When I was in first grade, I cried on the playground when two other boys told me I couldn't play Cops and Robbers with them.
I don't like pain - I can handle it, but I don't like it.
I'm not huge on change - I prefer to be comfortable rather than feeling like I'm constantly having to adapt to a changing environment.
I have an irrational fear of being thrown into a pool while wearing a sweater - strange I know, but its one of my nightmares!
And, to get to what sparked this thought process, I have a tendency to think that when I have a bad day at work that I am "suffering for Christ." When I read verses like this 1 Peter 4:12 - "Dear friends don't be surprised at the fiery trials you are going through, as if something strange were happening to you" - I think I can identify with the suffering that Peter is writing about.
However, Peter was telling them not to be surprised that Christians were being killed everyday. He was telling them not to be surprised when the heads of the martyrs were placed on stakes outside the city walls.
What I don't think he was telling them was to not be surprised when they face fiery trials, such as an annoying meeting at work or leadership who, at times, just don't seem to understand the big picture. I'm not a Biblical scholar, but I do feel pretty confident in saying that I don't think that's what Peter was referring to. Don't get me wrong, I think God cares about us even through annoying meetings and being thrown in a pool with a sweater on, but neither of these compares with the suffering Peter was explaining.
After a rough meeting this morning, my day was really put into perspective when I read an article in Relevant Magazine that was written by the pastor of St. George's Church in Baghdad, Iraq. (I'm not sure if I could fit any more links into one sentence.)
In the past year, this church of 3,700 members has seen 93 of its brothers and sisters martyred. That's almost 3% of its congregation who is no longer attending because they have lost their lives for the name of Christ!

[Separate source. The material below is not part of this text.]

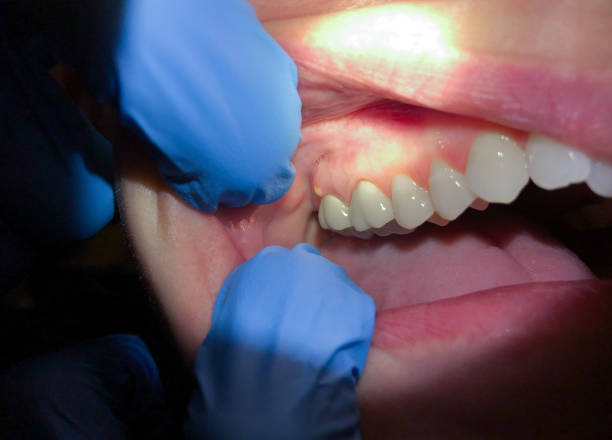 Best Tooth Infection Emergency Dentist  in St Francis, KS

In the month of December alone, a total of around 100 Iraqi Christians were killed.
St. George's has bomb barricades and armed guards who surround the church to keep it from being destroyed, and to keep its congregation and pastor from being killed.
I think the Iraqi Christians can identify very strongly with what Paul writes in Romans 8:36 - "As it is written, 'For your sake we face death all day long; we are considered as sheep to be slaughtered.'" Yet, our brothers and sisters in Iraq are not shy about their faith. Many openly wear a cross around their neck. All of them are subject to a tax simply because they are not Muslim. All who wish to attend worship services must do so on a work day, as Sunday is not a traditional day off work in the Muslim world. Needless to say, it's very difficult for Christ-followers in Iraq to just "blend in."
The pastor of St. George's describes their willingness to stand for Christ this way: "In the midst of the difficulties we know without doubt our God is the only way..."
This sounds very familiar to what another writer said about facing very real, life threatening persecution for following Christ: "I consider that our present sufferings are not worth comparing with the glory that will be revealed in us. For the creation waits in eager expectation for the children of God to be revealed." (Romans 8:18 - 19)
In Iraq, the children of God are not only revealed, but they are taking a stand. They have taken up their crosses daily. They are not surprised at the fiery trials they are going through. Rather, they fully understand that their present sufferings are not worth comparing to the glory that will be revealed in them.
So as I read that article this morning, I decided it was time to come clean - I am a wimp! I am truly humbled by seeing what our brothers and sisters are facing.
Yet I am encouraged by the fact that the same promises that hold true for the Christ-followers who suffer in His name daily hold true for me as well. For whatever reason, God has called us among His prized possessions. Even in our weakness, strength becomes evident as we place our full trust in Him. Even at the core of who I am - the wimpy, sweater-in-pool-hating man - God sees the potential for greatness and has called me His child.
And that gives rise to a hope that does not disappoint!